Come correttamente rilevato dai ricorrenti, per il chiaro disposto normativo della tabella 5 punto 18 (che deve intendersi elemento integrante la struttura della fattispecie in oggetto) è richiesto, per il perfezionamento del reato, che l'effetto cancerogeno di una sostanza sia "provato" e non accertato solo in termini di possibilità o di probabilità; in caso contrario, si dilaterebbe l'ambito di punibilità della condotta oltre la ipotesi prevista dal Legislatore con una interpretazione estensiva (pur motivata dalla importanza del bene giuridico protetto) che si pone in palese violazione con il principio di legalità.

Tanto premesso, deve rilevarsi come il testo legislativo si riferisca alle sostanze di cui è provato il potere cancerogeno senza circoscrivere questo effetto all'uomo né una limitazione in tale senso si rinviene nella sentenza della Cassazione 4.2.2003; in questo contesto, non è consentito all'interprete, vietandolo il principio di tipicità, introdurre un elemento di integrazione della fattispecie non normativamente previsto.

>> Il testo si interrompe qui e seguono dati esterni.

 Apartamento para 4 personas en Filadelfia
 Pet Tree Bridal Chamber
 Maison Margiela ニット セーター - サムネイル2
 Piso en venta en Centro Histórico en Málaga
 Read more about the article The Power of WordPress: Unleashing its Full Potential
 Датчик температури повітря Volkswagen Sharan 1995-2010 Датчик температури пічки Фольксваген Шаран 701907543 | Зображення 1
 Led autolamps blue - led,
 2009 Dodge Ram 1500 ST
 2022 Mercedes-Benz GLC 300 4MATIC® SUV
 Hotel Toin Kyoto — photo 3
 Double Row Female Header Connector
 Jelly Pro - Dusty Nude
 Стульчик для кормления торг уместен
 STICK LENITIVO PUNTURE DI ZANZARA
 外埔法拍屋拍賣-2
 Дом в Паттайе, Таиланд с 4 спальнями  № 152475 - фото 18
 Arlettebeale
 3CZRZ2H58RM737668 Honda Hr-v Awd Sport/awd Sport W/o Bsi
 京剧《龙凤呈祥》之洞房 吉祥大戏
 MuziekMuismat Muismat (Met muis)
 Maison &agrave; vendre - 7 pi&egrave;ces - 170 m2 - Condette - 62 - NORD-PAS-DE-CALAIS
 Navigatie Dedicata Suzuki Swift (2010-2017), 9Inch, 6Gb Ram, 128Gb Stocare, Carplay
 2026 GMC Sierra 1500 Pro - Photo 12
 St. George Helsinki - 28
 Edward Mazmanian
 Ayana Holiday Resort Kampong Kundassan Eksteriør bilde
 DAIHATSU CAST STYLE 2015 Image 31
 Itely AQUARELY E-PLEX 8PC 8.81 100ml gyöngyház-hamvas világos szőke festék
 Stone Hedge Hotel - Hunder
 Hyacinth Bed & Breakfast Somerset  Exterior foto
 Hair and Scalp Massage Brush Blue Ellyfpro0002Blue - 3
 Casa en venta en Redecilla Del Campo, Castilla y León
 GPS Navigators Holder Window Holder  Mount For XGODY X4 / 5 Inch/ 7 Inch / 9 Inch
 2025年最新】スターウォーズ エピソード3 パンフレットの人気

Di conseguenza, al fine che rileva, devono ritenersi sostanze di cui è provato il potere cancerogeno quelle per le quali l'effetto è accertato sia per l'uomo sia per l'animale. La conclusione, oltre ad essere giustificata da una interpretazione letterale della legge, è in coerenza con la sua ratio e con l'oggetto giuridico della normativa la quale è posta a salvaguardia dell'ambiente ed a tutela della salute di ogni essere vivente come risulta chiaro dalle finalità del Dlgs 152/1999 elencate all'articolo 1.

 

PQM

 

La Corte rigetta il ricorso e condanna i ricorrenti in solido al pagamento delle spese processuali.

Così deciso in Roma, il 23 gennaio 2004.

Depositato in Cancelleria il 25 febbraio 2004.